Medically reviewed by Drugs.com. Last updated on Oct 3, 2022.
What is superficial thrombophlebitis (STP)?
STP is inflammation of a vein just under your skin (superficial vein). The inflammation causes a blood clot to form in your vein. STP most often happens in your leg but may also happen in your arm or neck.
What increases my risk for STP?
- A condition that affects your blood vessels, such as varicose veins
- A long-term IV catheter
- Recent surgery
- Injections of prescription or non-prescription drugs into veins
- Obesity, pregnancy, or cancer
- Limited activity caused by bed rest, a leg cast, or sitting for long periods
- A blood disorder that makes your blood clot faster than normal, such as factor V Leiden mutation
- In women, hormone replacement therapy or birth control pills
What are the signs and symptoms of STP?
- A red line on the skin over the vein
- Pain near the vein, and sometimes swelling
- A fever if infection has spread from your vein to others places in your body
- Warm, red skin that is tender to the touch
- A hard area that feels like a knot
How is STP diagnosed?
Your healthcare provider will examine you. You may need any of the following:
- Blood tests may be done to check for infection and test how fast your blood clots.
- Doppler ultrasound uses sound waves to check for blood clots or damage to your vein.
How is STP treated?
Treatment may not be needed. STP usually goes away on its own. You may need any of the following for STP that continues:
- Medicines may be given to treat an infection and decrease swelling and pain. Medicine may also be given to prevent more blood clots.
- Removal of an IV catheter may be needed if your IV is infected.
- Surgery may be needed to remove the blood clot or part of your vein. Surgery may also be needed to remove a collection of infected fluid from your vein.

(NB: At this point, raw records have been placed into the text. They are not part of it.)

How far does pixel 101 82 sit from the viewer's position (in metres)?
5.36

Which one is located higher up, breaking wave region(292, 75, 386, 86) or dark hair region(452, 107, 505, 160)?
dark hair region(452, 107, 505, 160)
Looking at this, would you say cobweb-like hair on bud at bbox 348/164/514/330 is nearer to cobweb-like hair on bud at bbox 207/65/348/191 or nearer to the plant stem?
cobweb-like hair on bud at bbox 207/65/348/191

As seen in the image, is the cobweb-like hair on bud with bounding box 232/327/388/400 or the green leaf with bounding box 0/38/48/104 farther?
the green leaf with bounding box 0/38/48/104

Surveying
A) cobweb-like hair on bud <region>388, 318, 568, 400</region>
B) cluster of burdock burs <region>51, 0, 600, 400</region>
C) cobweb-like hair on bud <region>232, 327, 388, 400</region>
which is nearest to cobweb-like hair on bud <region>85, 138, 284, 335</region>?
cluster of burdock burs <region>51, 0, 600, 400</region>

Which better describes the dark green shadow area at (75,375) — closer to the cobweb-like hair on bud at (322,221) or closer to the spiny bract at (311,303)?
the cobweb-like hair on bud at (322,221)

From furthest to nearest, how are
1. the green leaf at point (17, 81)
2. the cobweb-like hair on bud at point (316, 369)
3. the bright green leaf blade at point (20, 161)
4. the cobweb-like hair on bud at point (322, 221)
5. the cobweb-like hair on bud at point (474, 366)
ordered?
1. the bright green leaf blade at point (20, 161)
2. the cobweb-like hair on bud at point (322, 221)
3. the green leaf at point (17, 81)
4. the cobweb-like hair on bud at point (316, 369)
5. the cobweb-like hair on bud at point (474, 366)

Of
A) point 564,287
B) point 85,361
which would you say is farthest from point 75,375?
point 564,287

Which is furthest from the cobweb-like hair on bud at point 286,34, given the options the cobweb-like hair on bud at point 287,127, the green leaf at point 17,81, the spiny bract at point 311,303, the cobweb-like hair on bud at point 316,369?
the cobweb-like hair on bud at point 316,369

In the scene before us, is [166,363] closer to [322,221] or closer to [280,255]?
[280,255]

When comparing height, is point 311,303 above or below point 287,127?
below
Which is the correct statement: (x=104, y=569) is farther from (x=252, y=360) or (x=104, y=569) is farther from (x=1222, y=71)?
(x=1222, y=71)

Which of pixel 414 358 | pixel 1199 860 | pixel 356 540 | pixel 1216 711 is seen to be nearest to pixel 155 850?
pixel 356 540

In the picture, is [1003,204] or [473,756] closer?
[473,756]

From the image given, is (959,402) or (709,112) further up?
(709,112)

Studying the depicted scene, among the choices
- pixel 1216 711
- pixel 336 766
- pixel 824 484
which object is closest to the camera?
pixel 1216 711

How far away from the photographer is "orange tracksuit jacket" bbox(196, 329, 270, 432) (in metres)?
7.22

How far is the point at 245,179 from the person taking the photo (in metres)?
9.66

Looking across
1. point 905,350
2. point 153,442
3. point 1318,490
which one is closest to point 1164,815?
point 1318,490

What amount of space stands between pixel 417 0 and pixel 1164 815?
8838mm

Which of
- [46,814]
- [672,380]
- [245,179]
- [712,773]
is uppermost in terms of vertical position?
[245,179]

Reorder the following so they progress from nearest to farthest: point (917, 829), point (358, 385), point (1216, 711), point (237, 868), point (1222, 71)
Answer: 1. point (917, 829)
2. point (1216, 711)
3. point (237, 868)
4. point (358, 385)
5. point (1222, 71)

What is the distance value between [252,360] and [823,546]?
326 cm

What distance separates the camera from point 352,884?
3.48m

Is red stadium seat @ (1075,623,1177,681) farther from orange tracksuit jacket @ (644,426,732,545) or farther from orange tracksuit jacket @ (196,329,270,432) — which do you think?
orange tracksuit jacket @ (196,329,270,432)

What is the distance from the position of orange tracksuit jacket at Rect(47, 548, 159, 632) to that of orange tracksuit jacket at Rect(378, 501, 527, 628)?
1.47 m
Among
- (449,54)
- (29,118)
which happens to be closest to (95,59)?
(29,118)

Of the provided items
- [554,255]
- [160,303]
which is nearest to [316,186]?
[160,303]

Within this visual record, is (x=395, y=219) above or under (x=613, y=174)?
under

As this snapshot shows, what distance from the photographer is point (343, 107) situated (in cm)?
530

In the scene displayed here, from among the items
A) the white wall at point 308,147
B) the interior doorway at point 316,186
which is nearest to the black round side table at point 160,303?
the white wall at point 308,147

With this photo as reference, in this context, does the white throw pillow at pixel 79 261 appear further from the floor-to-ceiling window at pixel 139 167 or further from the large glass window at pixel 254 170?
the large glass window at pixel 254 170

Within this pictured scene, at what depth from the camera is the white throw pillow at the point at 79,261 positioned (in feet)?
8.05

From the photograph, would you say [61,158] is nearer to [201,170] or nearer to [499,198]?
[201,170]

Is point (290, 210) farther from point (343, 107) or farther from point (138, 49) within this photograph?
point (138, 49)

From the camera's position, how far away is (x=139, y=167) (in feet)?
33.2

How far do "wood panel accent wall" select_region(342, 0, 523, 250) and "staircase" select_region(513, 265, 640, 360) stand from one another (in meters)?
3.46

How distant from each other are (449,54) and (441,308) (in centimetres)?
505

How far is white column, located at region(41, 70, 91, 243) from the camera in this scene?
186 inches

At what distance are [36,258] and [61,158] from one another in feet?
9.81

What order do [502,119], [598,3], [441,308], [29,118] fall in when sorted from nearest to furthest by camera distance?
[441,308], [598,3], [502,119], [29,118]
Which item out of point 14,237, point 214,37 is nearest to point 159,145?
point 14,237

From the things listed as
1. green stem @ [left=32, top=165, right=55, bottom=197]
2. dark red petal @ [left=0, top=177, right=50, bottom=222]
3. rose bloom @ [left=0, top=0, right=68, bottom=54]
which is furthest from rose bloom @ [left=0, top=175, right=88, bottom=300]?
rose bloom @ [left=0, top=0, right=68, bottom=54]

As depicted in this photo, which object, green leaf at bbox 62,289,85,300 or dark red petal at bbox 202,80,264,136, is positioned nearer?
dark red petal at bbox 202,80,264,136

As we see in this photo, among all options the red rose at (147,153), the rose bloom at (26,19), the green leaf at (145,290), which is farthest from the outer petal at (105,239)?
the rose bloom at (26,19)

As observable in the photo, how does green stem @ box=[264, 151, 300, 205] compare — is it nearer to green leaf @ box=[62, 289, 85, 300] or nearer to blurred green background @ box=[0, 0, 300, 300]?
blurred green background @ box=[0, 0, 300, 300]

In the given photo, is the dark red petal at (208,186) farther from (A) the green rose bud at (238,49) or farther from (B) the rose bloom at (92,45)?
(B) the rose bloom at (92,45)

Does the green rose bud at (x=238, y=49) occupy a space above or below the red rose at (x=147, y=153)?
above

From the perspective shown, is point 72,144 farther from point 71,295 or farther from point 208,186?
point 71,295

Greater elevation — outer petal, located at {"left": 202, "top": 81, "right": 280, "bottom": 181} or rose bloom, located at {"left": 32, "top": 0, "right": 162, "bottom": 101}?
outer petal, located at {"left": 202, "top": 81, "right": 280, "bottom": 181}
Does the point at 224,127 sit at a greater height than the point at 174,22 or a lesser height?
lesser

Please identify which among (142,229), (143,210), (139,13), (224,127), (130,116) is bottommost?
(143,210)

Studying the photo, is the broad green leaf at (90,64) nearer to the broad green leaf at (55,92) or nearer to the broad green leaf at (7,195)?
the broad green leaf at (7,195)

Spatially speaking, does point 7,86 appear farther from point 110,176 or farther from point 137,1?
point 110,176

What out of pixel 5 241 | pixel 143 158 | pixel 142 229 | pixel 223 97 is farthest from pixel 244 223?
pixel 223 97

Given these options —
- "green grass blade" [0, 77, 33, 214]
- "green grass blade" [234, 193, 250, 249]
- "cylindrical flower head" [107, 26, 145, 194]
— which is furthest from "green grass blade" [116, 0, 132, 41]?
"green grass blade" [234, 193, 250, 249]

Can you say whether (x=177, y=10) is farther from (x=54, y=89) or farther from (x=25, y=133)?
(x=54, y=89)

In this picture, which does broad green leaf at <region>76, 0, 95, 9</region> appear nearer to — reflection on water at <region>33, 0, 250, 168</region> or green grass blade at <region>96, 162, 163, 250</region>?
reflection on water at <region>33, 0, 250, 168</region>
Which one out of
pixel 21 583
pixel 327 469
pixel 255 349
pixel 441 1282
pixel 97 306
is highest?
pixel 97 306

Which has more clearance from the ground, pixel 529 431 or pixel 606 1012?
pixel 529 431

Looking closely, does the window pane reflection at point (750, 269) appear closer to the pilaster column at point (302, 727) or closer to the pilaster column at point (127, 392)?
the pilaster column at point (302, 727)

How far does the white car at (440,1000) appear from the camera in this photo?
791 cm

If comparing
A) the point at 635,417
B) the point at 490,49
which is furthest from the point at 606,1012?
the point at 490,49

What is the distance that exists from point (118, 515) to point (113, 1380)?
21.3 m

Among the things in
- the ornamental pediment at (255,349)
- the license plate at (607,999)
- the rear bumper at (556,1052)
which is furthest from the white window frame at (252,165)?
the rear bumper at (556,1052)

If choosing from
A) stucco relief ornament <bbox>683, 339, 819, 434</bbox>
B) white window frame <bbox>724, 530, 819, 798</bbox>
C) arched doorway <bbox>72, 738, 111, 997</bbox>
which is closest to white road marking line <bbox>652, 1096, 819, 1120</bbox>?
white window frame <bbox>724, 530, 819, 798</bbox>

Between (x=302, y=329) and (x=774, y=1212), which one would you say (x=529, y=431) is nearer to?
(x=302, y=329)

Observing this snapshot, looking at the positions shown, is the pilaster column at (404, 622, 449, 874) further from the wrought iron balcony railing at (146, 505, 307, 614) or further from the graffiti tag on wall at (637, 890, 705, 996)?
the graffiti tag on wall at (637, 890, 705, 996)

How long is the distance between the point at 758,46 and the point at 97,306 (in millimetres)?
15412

The following list of medications are in some way related to or used in the treatment of this condition.
What can I do to manage STP?
- Apply a warm compress to your arm or leg. This will help decrease swelling and pain. Wet a washcloth in warm water. Do not use hot water. Apply the warm compress for 10 minutes. Repeat this 4 times each day.
- Wear pressure stockings as directed. Pressure stockings improve blood flow and help prevent clots in your legs. Wear the stockings during the day. Do not wear them when you sleep.
- Elevate your leg or arm above the level of your heart as often as you can. This will help decrease swelling and pain. Prop your leg or arm on pillows or blankets to keep it elevated comfortably.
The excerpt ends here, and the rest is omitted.